Tuesday, October 18, 2011

Volunteer

I have the privilege of working with some great volunteers.  Today one of them can't do there role because silly enough, they have to do their day job.  Honestly the gall of some people.  Trying to make a living...  Anyway I am getting to see how much they mean to me and how much they do because of the vacum they leave.  This is scary I depend on this person every week to help mtake our ministry to the next level.  In that dependance I give up something.  Control.  By giving up control of his area of expertise.  I have to trust that it will be done right and with excellence.  At first it was a little ruff sometimes.  But now he routinely exceeds my expectations and does things better than I ever could.  A few things made this possible.
1.  I was desperate for help.  I'll admit it.  (This is when I should act spiritual and say I was continuously praying for the right volunteer)  In reality, I was way over my head and just trying to survive the weekly grind of ministry.  He came along to help and I was more than happy to give him things to do just so I could catch my breath.  I believe God saw my need and filled it.  And yes prayer was involved!
2.  I was willing to give things away.  I gave graphics away.  So much so that I hardly use Photoshop anymore.  I used to use it at least 8 hours a week.  Now its isn't even on my desktop.
3.  I want my volunteers to be better than me.  I want them to do things better than I can.  If they do, it builds the Kingdom and it makes me look like a genius :)




Tuesday, October 4, 2011

What just happened


What just happened?" Was it amazing, terrible, great, life-changing or just dumb?

The ability to take what we experience and put it through a filter to produce a better product, service, or whatever you do is incredibly important.  Aren't there those times when you look around and think well that happened.  But do you want a repeat? "This" happened last week and nobody changed anything, so it's going to happen again this week.  "This" can be either great or terrible, depending on what the "thing" was.  

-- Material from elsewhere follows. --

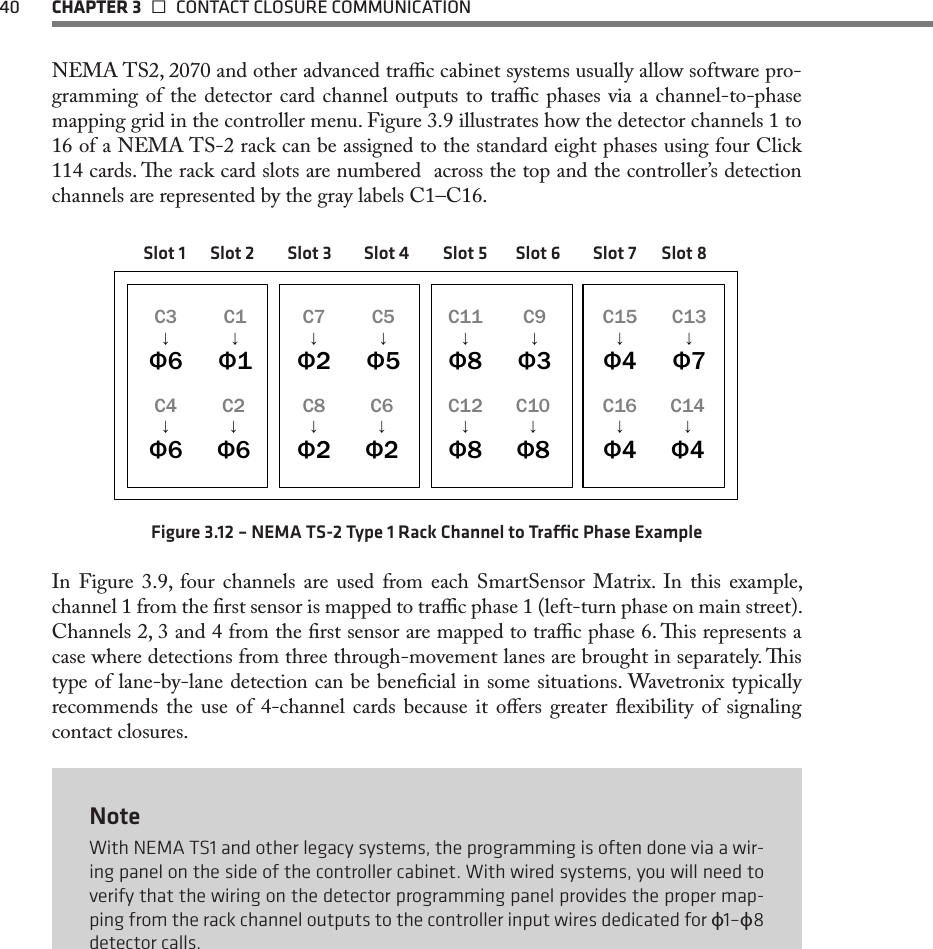 40  CHAPTER 3   CONTACT CLOSURE COMMUNICATIONNEMA TS2, 2070 and other advanced trac cabinet systems usually allow software pro-gramming of the detector card channel outputs to trac phases via a channel-to-phase mapping grid in the controller menu. Figure 3.9 illustrates how the detector channels 1 to 16 of a NEMA TS-2 rack can be assigned to the standard eight phases using four Click 114 cards. e rack card slots are numbered  across the top and the controller’s detection channels are represented by the gray labels C1–C16.C1↓Φ1C2↓Φ6C3↓Φ6C4↓Φ6C5↓Φ5C6↓Φ2C7↓Φ2C8↓Φ2C9↓Φ3C10↓Φ8C11↓Φ8C12↓Φ8C13↓Φ7C14↓Φ4C15↓Φ4C16↓Φ4Slot 1 Slot 2 Slot 3 Slot 4 Slot 5 Slot 6 Slot 7 Slot 8Figure 3.12 – NEMA TS-2 Type 1 Rack Channel to Trac Phase ExampleIn Figure 3.9, four channels are used from each SmartSensor Matrix. In this example, channel 1 from the rst sensor is mapped to trac phase 1 (left-turn phase on main street). Channels 2, 3 and 4 from the rst sensor are mapped to trac phase 6. is represents a case where detections from three through-movement lanes are brought in separately. is type of lane-by-lane detection can be benecial in some situations. Wavetronix typically recommends the use of 4-channel cards because it oers greater exibility of signaling contact closures.NoteWith NEMA TS1 and other legacy systems, the programming is often done via a wir-ing panel on the side of the controller cabinet. With wired systems, you will need to verify that the wiring on the detector programming panel provides the proper map-ping from the rack channel outputs to the controller input wires dedicated for ф1–ф8 detector calls. 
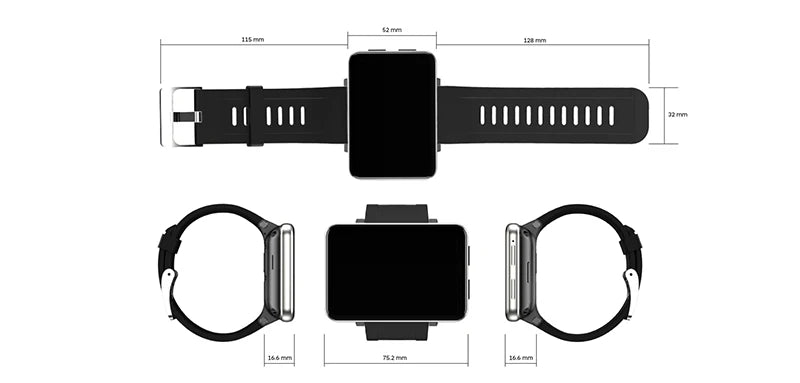 DM100 4G Smart Watch 2.86 Large Screen Android 7.1 Smartwatch 2700mAh Battery MTK6739 Quad Core 3GB/32GB 5.0MP Camera Wifi GPS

Bottom line is this.  When asking the question, "What just happened?" ask yourself some questions.  Do I want that to repeat?  Is it in my power to change or capitalize on?  Don't waste a "what just happened" moment.  If it is either positive or negative you can get something out of it.

Monday, October 3, 2011

Sending

The fall for me is usually one of the most exciting times for me.  Its a natural momentum bulder.  I have the opportunity to meet new students and start great relationships.  I look forward to this time every year.  This year had been different.  While I am still incredibly excited about what God is doing here.  Part of my heart is somewhere else.  I had a class of 24 seniors this year and 12 of them went on to study for ministry or straight into missions.  That's amazing! Watching God use these students has been a privilege.    The only problem is you look around and see that they actually are not here anymore!

I always thought that I should be a sender, that the ministry is at its best when sending is occurring. My expectation was that this would be a joyful experience, in reality it is hard.  Your saying goodbye to the people you have invested the most into.  Im incredibly proud of them.  They carry on a mission and a calling that God has given them and take my part of me with them.  

The hard part about leading is there is no end point, it doesn't stop, or take a break.  There is no banner at the end that says, "Great Job now go check Facebook."  Nope, instead the Banner says, "Great Job now get back to work!"

There is a new generation ready in the wings to be equipped.  They require the same detail and attention that the last generation needed.

So who have you sent out lately?  Who have you been equipping?  How have you reacted to the sending?  Have you gotten back up from the loss?  Has it energized you or drained you?  What's your plan for getting back up?  Go send them, they will change the world and by so make your ministry so much more beautiful.  It may hurt, It may sting, It may just change everything.